Today is our wedding anniversary. It’s really hard to believe that we’ve been married for 19 years. It just doesn’t feel like our wedding was that far in the past.
We met in January 2006, had our first date in February, and got engaged in October. We didn’t start planning the wedding right away because I just wanted to enjoy being engaged before adding the stress of wedding plans.
Wedding plans began in earnest in February 2007 and were really quite easy once we decided on a venue. We had a friend from Mexico who recommended Hotel Lagunita in Yelapa, Mexico as a popular place to get married. We knew that most of our friends and family would be flying to the wedding and most had already been to visit San Francisco, so we figured, as long as people have to fly, let’s all fly to Mexico! Plus, my good friend Amber had gotten married a year earlier, and I had heard all about the financial shenanigans of planning a wedding in the United States.

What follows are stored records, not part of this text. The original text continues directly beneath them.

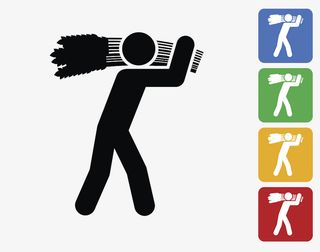 收麦子的小人图标免抠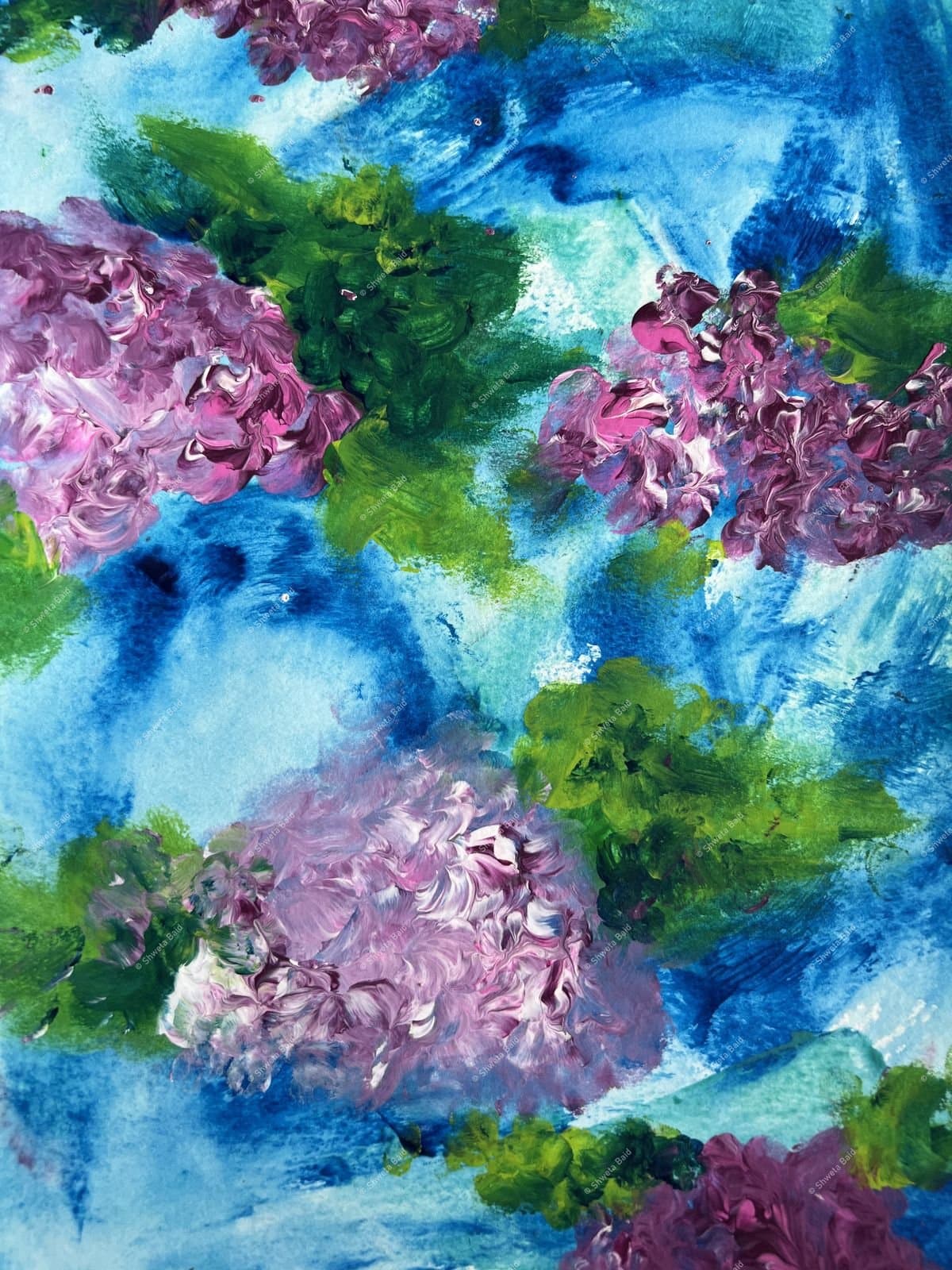 Lilacs Dancing in Blue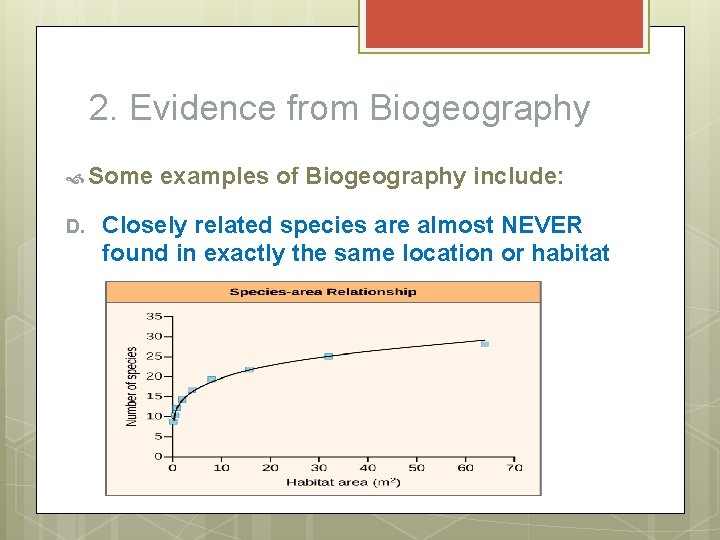 2. Evidence from Biogeography Some D. examples of Biogeography include: Closely related species are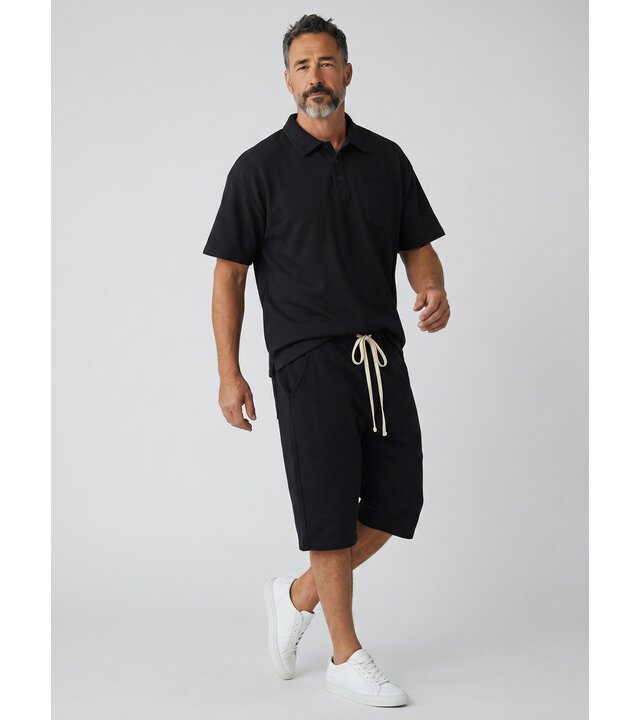 Enos Herren-Sommer-Set – Geripptes Oversize-Poloshirt – Herrenshorts / Herren-Oversize-T-Shirt – Twinset – F-5828 – Schwarz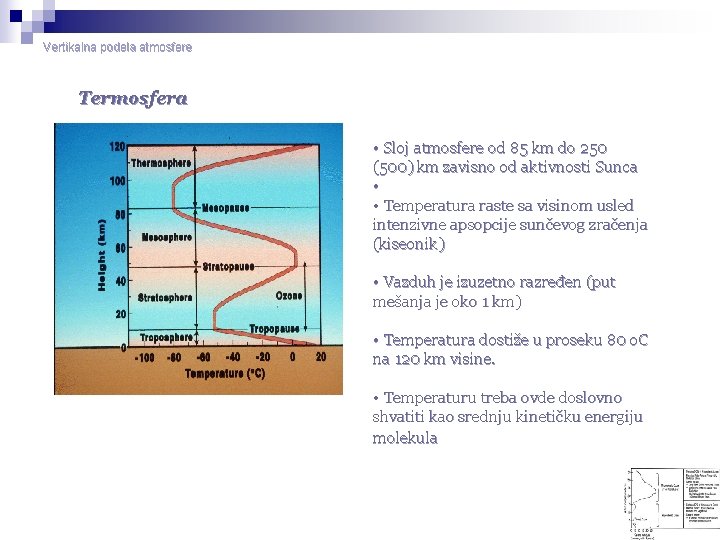 Vertikalna podela atmosfere Termosfera • Sloj atmosfere od 85 km do 250 (500) km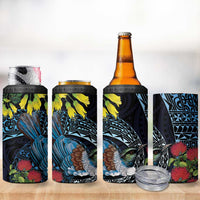 New Zealand Tui Bird 4 in 1 Can Cooler Tumbler Maori Koru Mix Pohutukawa DT04 - Polynesian Pride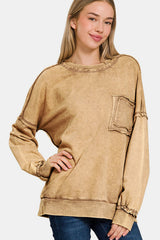 Zenana Women's Exposed Seam Round Neck Sweatshirt - Stylish & Comfortable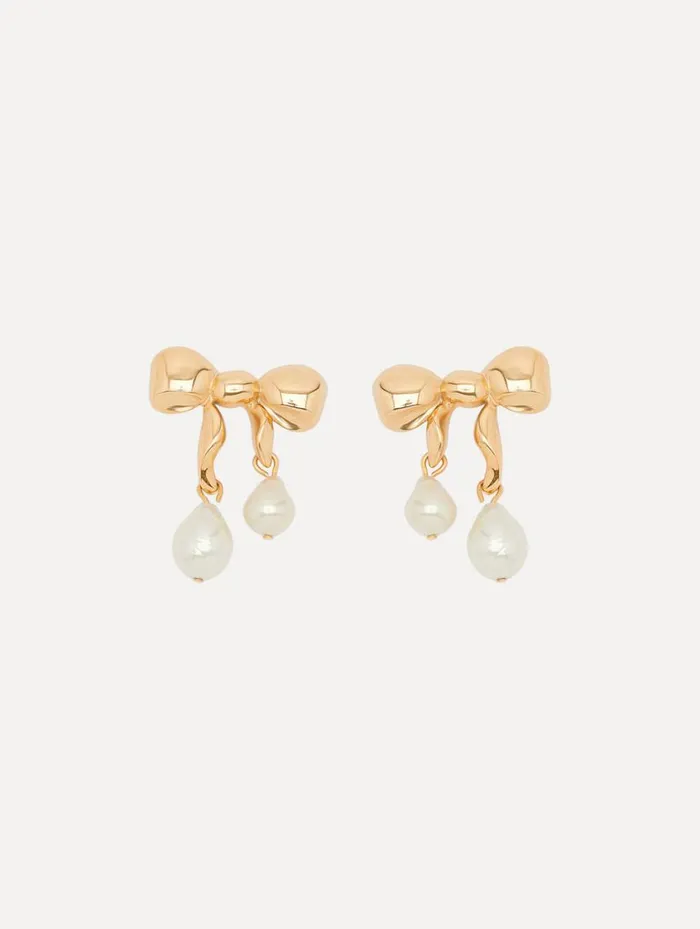 Women Heart and Bow Pearl Earrings Gold Oscar De La Renta Earrings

We were able to keep our costs pretty reasonable by having our wedding in another country.
Like I mentioned, the planning was pretty easy. We had some phone calls with Lucas, the American ex-pat who owned the hotel, and the planning went like this:
“Do you want fish or chicken for the wedding dinner?”
“Can we have both?”
“Yes.”
And the dinner planning was finished.
“Do you want a wedding cake? Yes or no?”
“Yes.”
Planning complete.
I can’t remember which one of us came up with the idea of fireworks, but we asked Lucas if it was possible to have fireworks. He said, yes, he could get commercial-grade fireworks for $40 each, so we ordered 10. It was fabulous.
We did some research into the colors of Mexico and came up with grass green, saturated red and bold blue as our wedding colors. My wedding dress was red (custom-made), and Chad wore a green shirt and white pants. My grandmothers couldn’t understand a red wedding dress, but after living in the Bay Area for several years, my skin was so pale that I thought a red dress would be better than a white one, and it was stunning.

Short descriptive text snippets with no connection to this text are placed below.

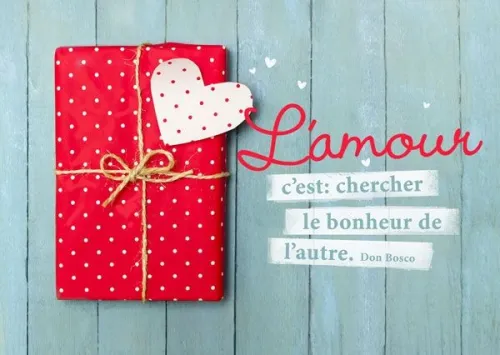 Carte postale "l'amour c'est chercher le bonheur de l'autre" - Don Bosco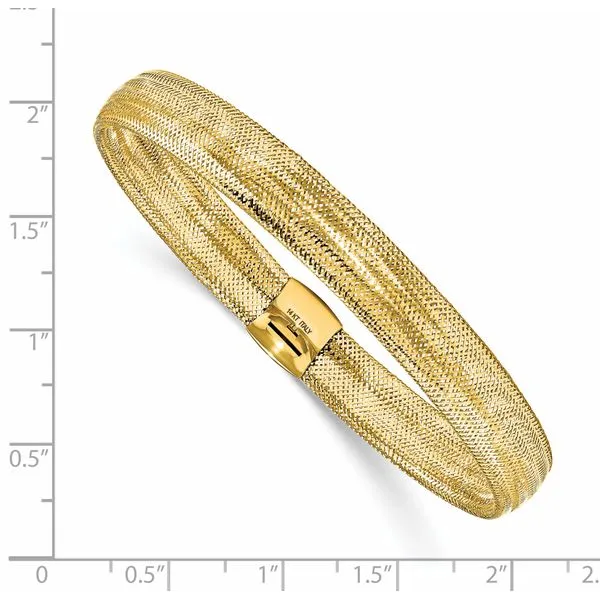 Leslie's 14K Polished Mesh Stretch Bracelet Image 2 Spencer's Jewelers Athens, GA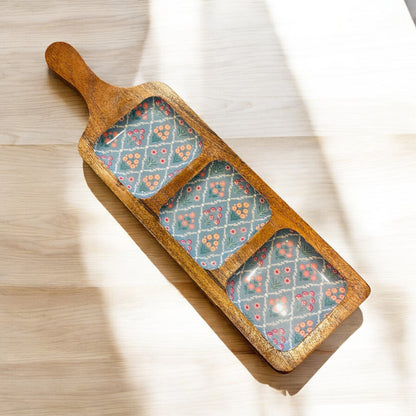 Meraki all-wood Botanical Bliss Three Part Platter - single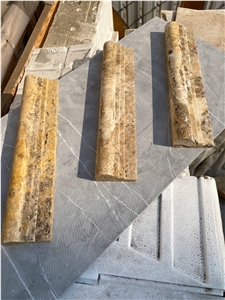Autumn Leaves Travertine Trim 2.5X12 Honed Double-Step Chair Rail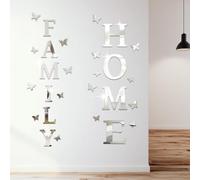 CUTHOLLOW Family Home Letter Signs Living Room Wall Decor - 3D Butterfly Mirror Wall Stickers for Living Room, Silver Acrylic Decals Decorations for Dining Room Bedroom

So, we started wedding plans in February, sent out save the dates in March, and got married in June, and we saved money along the way. Chad’s friend Brian is a professional photographer, so we paid for his flight and his hotel room and he gave us his photography services as our wedding gift. Chad designed the wedding invitations and got them printed through an online service. Despite the fact that my dress was custom-made, it was cheaper than a traditional wedding dress, and I got to design the exact dress that I wanted, down to the embroidered beading.

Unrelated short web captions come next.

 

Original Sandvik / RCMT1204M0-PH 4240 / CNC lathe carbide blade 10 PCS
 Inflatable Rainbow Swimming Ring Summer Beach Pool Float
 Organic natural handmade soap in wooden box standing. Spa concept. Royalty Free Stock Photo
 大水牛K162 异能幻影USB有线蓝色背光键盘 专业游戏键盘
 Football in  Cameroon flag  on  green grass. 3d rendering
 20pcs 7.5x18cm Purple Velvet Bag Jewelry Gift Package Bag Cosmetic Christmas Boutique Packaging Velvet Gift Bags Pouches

We made a CD of music as gifts for our guests, and Chad did a great job of finding dance tracks as well as songs by Mexican and Brazilian artists. It’s still my favorite “mix tape.” We also put together goodie baskets for our guests with things like flashlights, bug spray, and Immodium, you know, the things that come in handy when you’re staying at the beach in Mexico. I also made a “who’s who” of guests so people could learn more about each other. Most of our guests, including our parents, had never met.
We flew into Puerto Vallarta on Thursday and stayed in a hotel for two nights. On Friday, we met Lucas who took us to a flower shop to order the flowers for the wedding and a couple of other shops to buy things for the gift baskets. We also went to get our marriage blood tests (I don’t think we ever saw the test results) and sat through a mandatory pre-wedding about how wives are equal to husbands. It was strange to us.
Then we went to the courthouse to register the marriage. We met with a judge who married us on the spot, something neither of us was expecting. I was wearing a cute dress, and Chad was wearing shorts and a soccer jersey and I joked to him, “That’s what you wore for our wedding?”
My BFF and my aunt and uncle arrived that afternoon and we all spent the night at the hotel. The next day, most of the rest of our guests flew in and we all boarded a boat for Yelapa. One thing I forgot to mention is that Yelapa is a tiny village on a small bay that is surrounded by mountains and jungle. There are no roads into Yelapa; instead, you have to take a boat 45 minutes down the coast from Puerto Vallarta.
So most of us arrived in Yalapa on Saturday afternoon. We got married on a Tuesday, because I wanted everyone to have a couple of days to get to know each other before the wedding so the ceremony wouldn’t be in front of an audience of strangers. Those extra couple of days were perfect for people to meet each other, and it also gave me and Chad an opportunity to relax and spend time with our guests as opposed to a frenetic American Wedding Day.
All in all, it was the best wedding I’ve ever been to. Highlights include the crabs which came out of the jungle and haunted us for the week, the pig slaughter and pig roast for the rehearsal dinner, the tres leches wedding cake, the coconut shrimp, hanging out at the pool, the blown electrical transformer which killed the power for the whole village, scorpions and fruit bats, and being able to spend several days with some of my favorite people in the whole world.
These happy memories are still vivid in my mind, and this is why I can’t believe it’s been 19 years. We’ve had a lot of adventures since then and are scheming new ones as I write this. I look forward to the next however-many years.